- What you will do:
Would you retype the lines from the one that holds "Experience modern living" to the final line of the entries below, both ends included and exactly as written, but without pictures?
[[ Task material open ]]
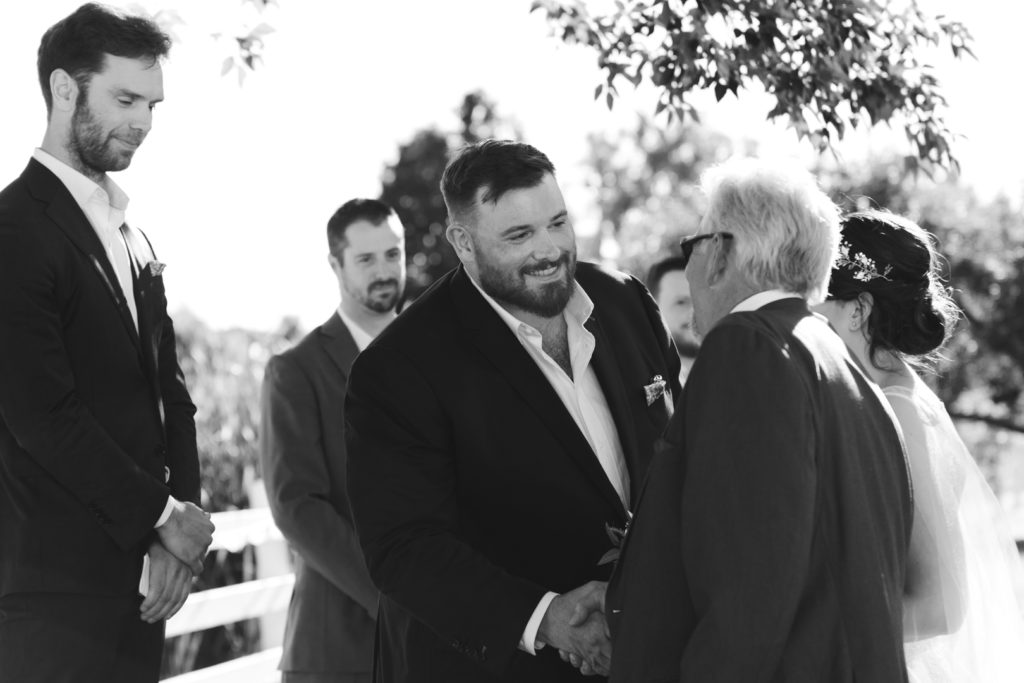 groom shaking the father of the bride's hand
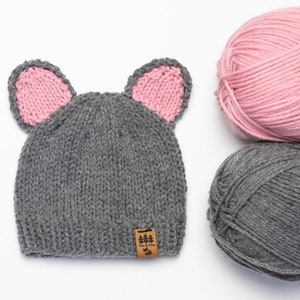 May include: A gray knitted hat with pink knit ears and a brown leather tag that says "Fox & Fox". Two balls of yarn, one pink and one gray, are also in the image.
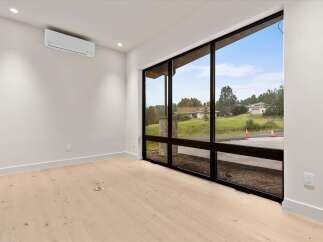 Experience modern living in this bright and airy room featuring a sleek mini-split AC unit for optimal comfort.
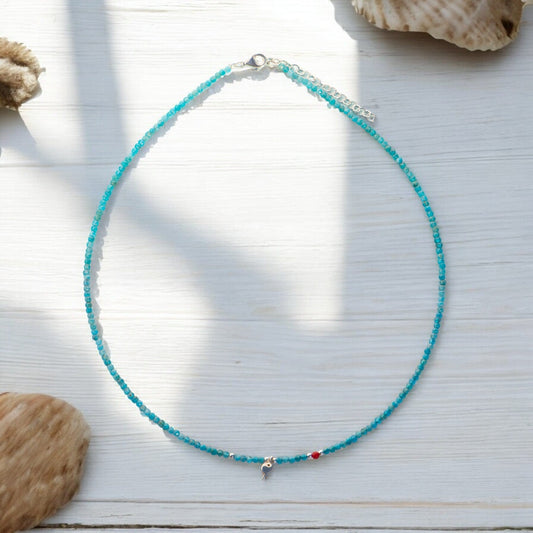 Minimal Apatite Gemstone Fish Necklace against a white wooden background with seashell accents.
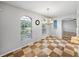 Bright dining room boasts checkered tile, large windows, pendant lighting and an arched doorway at 30017 Johnston Rd, Dade City, FL 33523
[[ Task material closed ]]
- Response area:
 Experience modern living in this bright and airy room featuring a sleek mini-split AC unit for optimal comfort.
 Minimal Apatite Gemstone Fish Necklace against a white wooden background with seashell accents.
 Bright dining room boasts checkered tile, large windows, pendant lighting and an arched doorway at 30017 Johnston Rd, Dade City, FL 33523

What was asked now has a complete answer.